> [BRIEF]: From the line containing "Chomper in CO, a" through the last line of the entries below, transcribe each line exactly, excluding any picture.

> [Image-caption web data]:
= Beginning of Section =

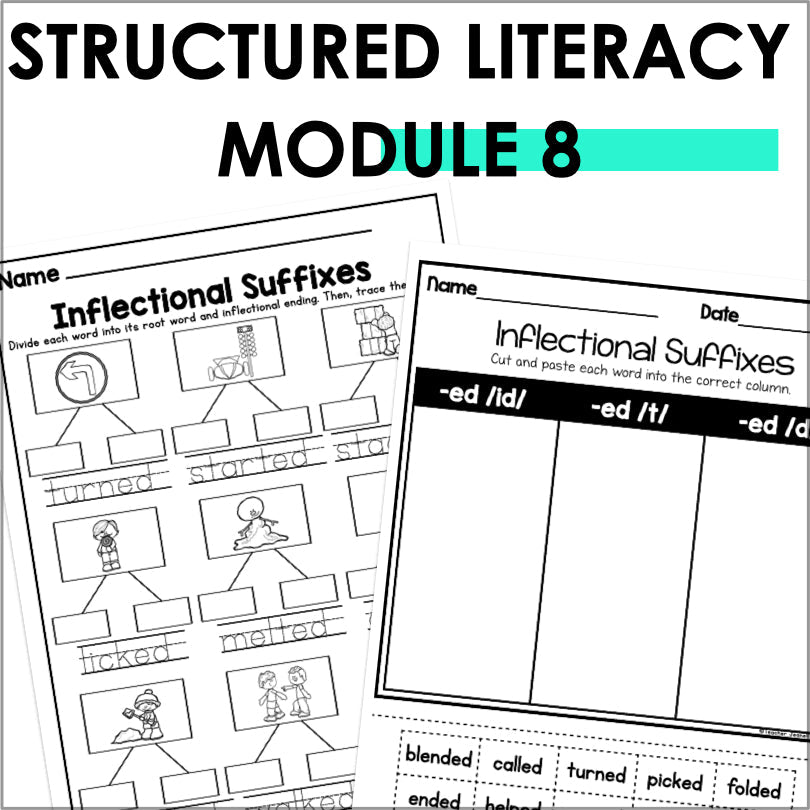 HMH Into Reading Structured Literacy 1st Grade Spelling and Phonics Supplement Module 8 - Teacher Jeanell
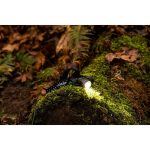 COAST 2000 Lumens Rechargeable Pure Beam Focusing LED Headlamp Black - Image 2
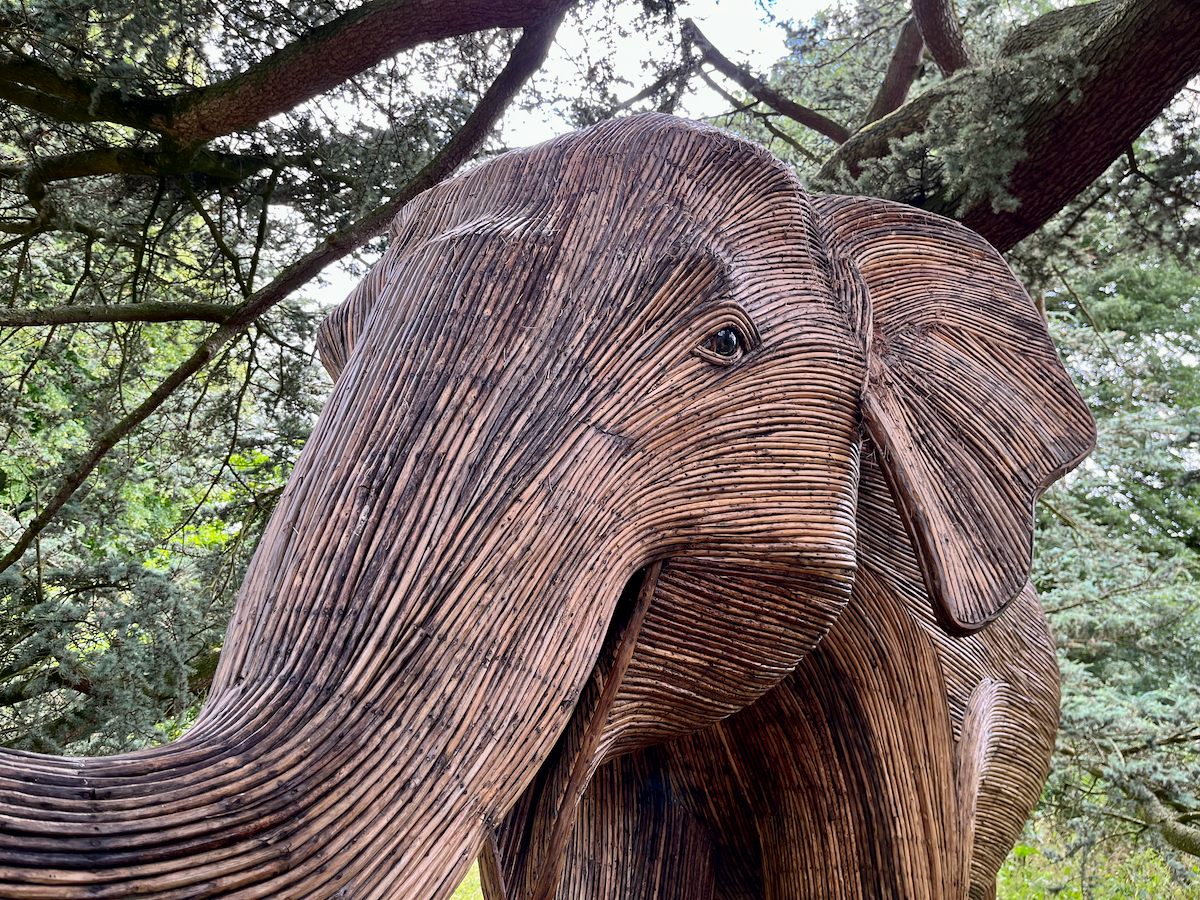 a.01.Mermie.IMG_3510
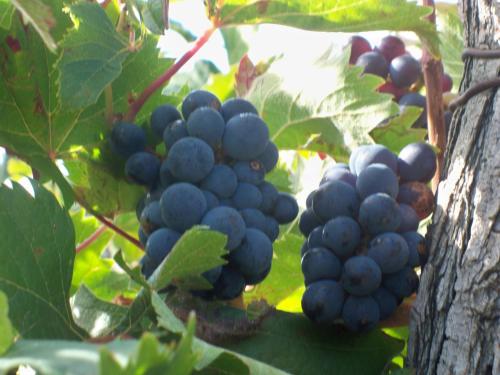 a bunch of grapes hanging from a tree at Holiday House Ida in Marezige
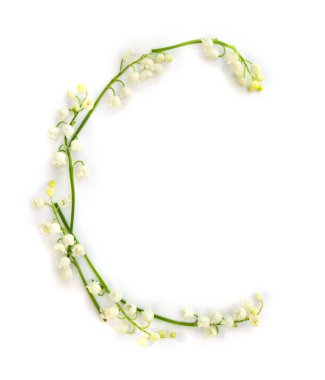 Letter C of white flowers Lily of the valley ( Convallaria ) on a white background. Top view, flat lay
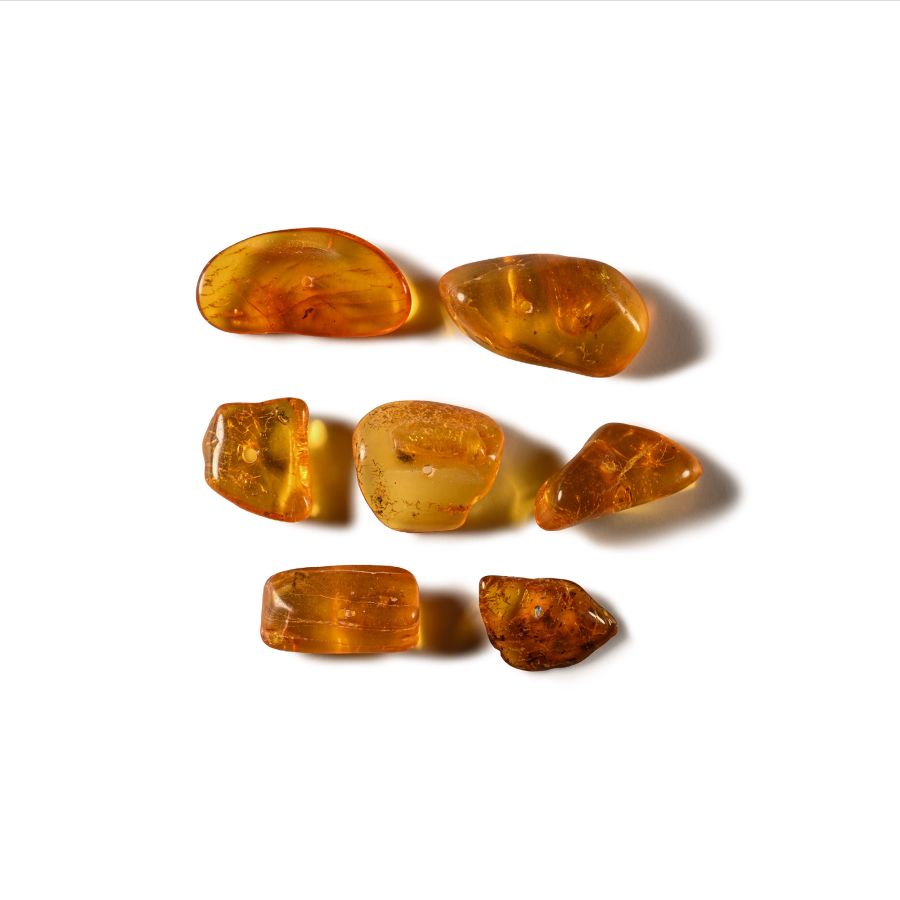 Natural History - Insects in Baltic Amber Group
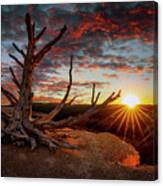 Bristlecone Sunset Canvas Print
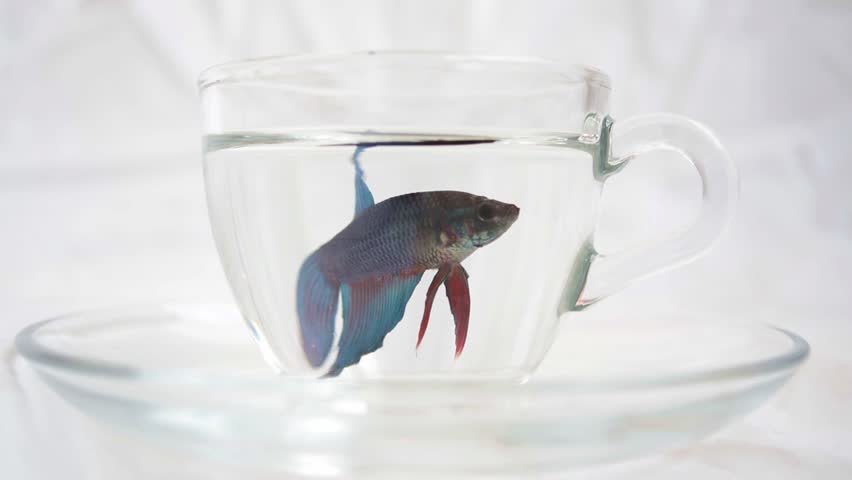 Rooster fish in a small transparent cup isolated on white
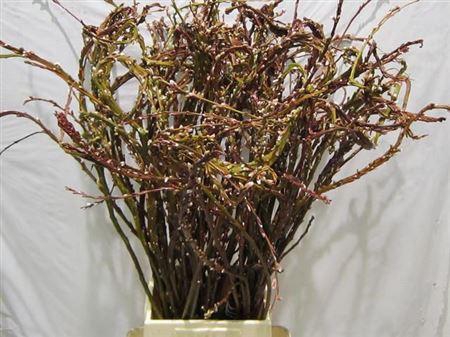<h4>Salix Sekka Bandwilg</h4>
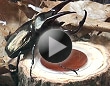 昆虫の飼育方法～カブトムシの飼い方～ 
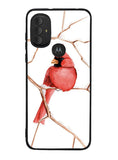 Bird Motorola Moto G Pure 2021 , Moto G Power 2022 Case OV9766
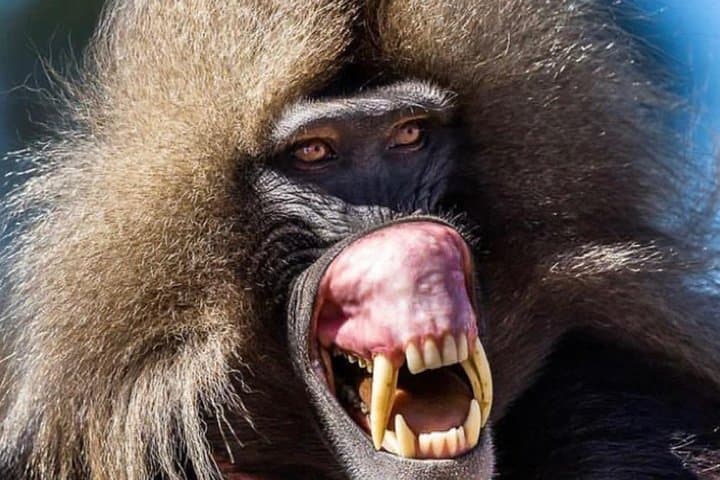 Simien Mountains 4-Day Trek: Gelada Baboons, Waterfalls & Ras Dashen Views photo 6
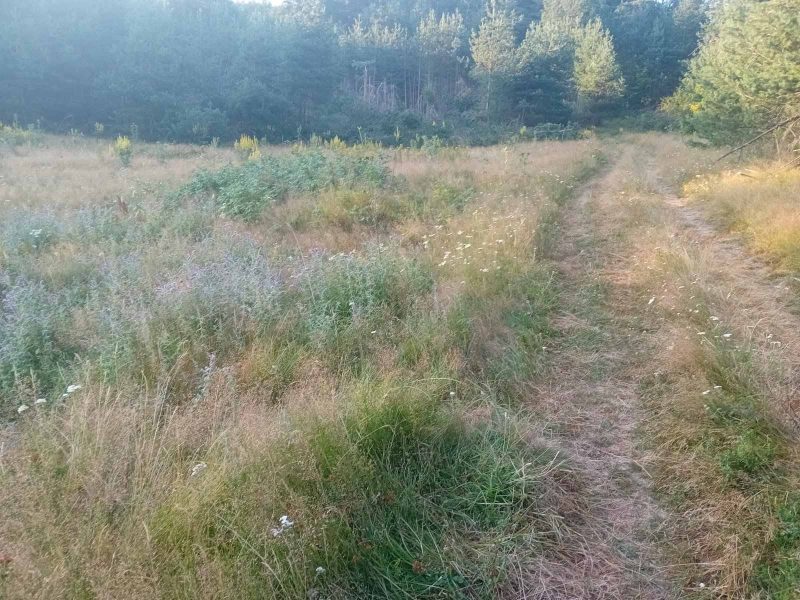 Ровный участок площадью 2711 м² рядом с сосновым лесом в Риле, между Боровцем и Малёвицей. — фото 2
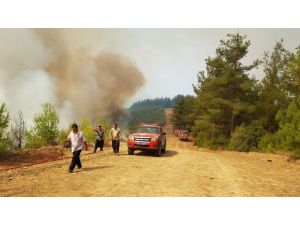 Kahramanmaraş’ta Orman Yangını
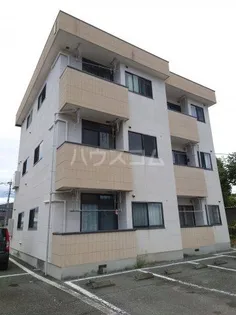 スマイルIIの画像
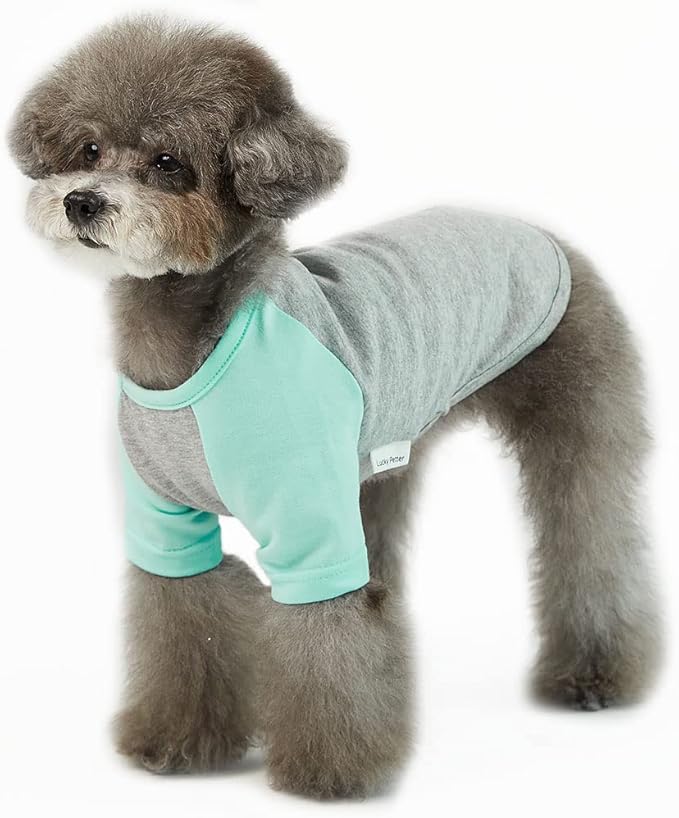 Dog Shirt for Small and Large Dogs Raglan Cotton T-Shirts Soft Breathable Dog Shirts pet Clothes Gray Series (X-Small, Gray/Mint)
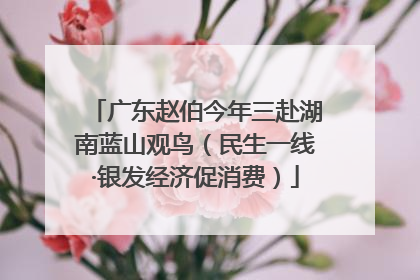 广东赵伯今年三赴湖南蓝山观鸟（民生一线·银发经济促消费）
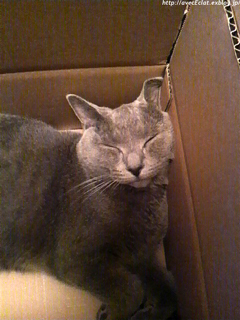 c0200365_22432032.jpg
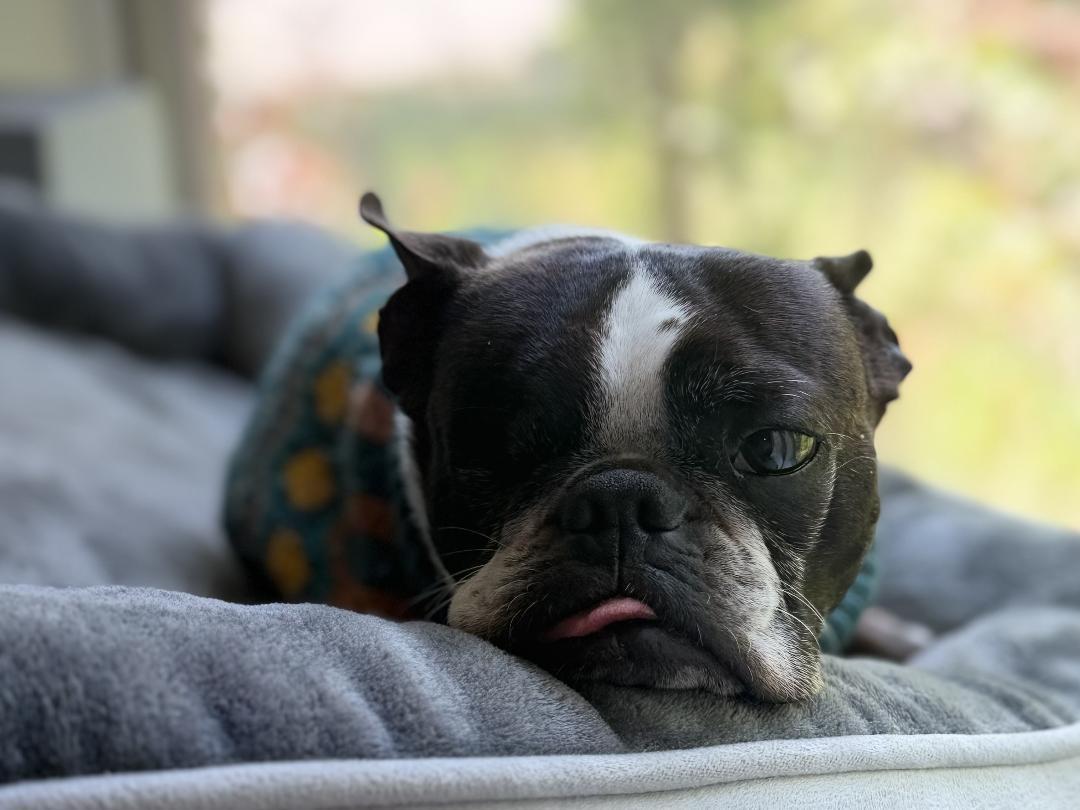 Chomper in CO, a ADOPTABLE Boston Terrier in Littleton, CO image 6/6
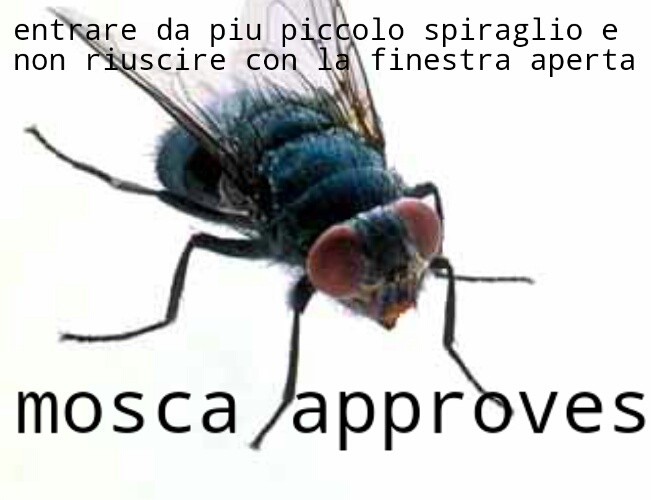 mosca approves - meme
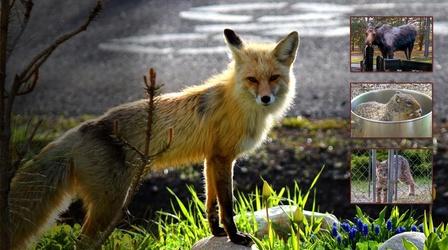 Video thumbnail: Outdoor Idaho Urban Wildlife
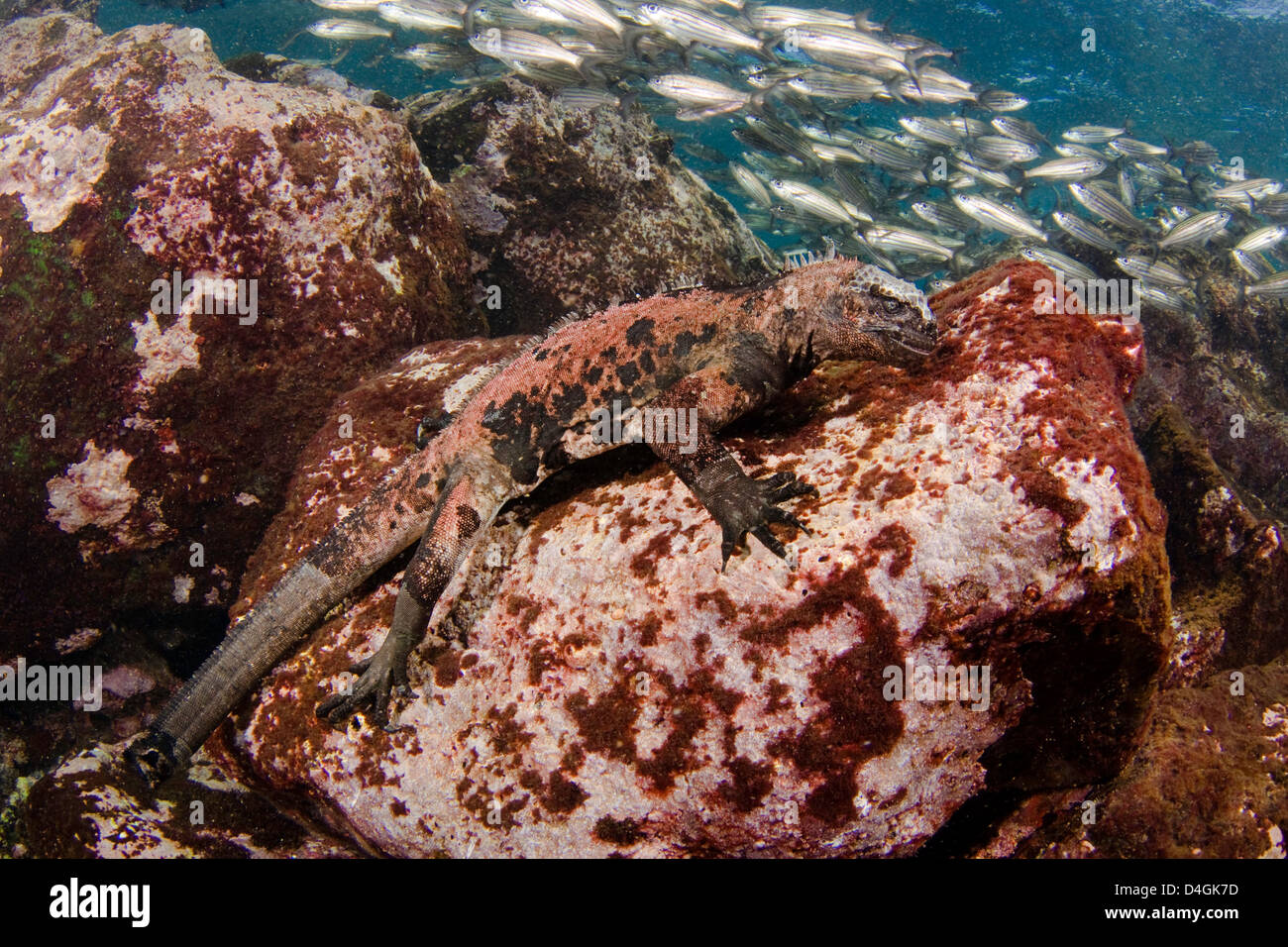 This marine iguana, Amblyrhynchus cristatus, (endemic) was photographed off Santa Fe Island feeding on algae, Galapagos, Equador Stock Photo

= End of Section =

> [FINAL ANSWER]:
 Chomper in CO, a ADOPTABLE Boston Terrier in Littleton, CO image 6/6
 mosca approves - meme
 Video thumbnail: Outdoor Idaho Urban Wildlife
 This marine iguana, Amblyrhynchus cristatus, (endemic) was photographed off Santa Fe Island feeding on algae, Galapagos, Equador Stock Photo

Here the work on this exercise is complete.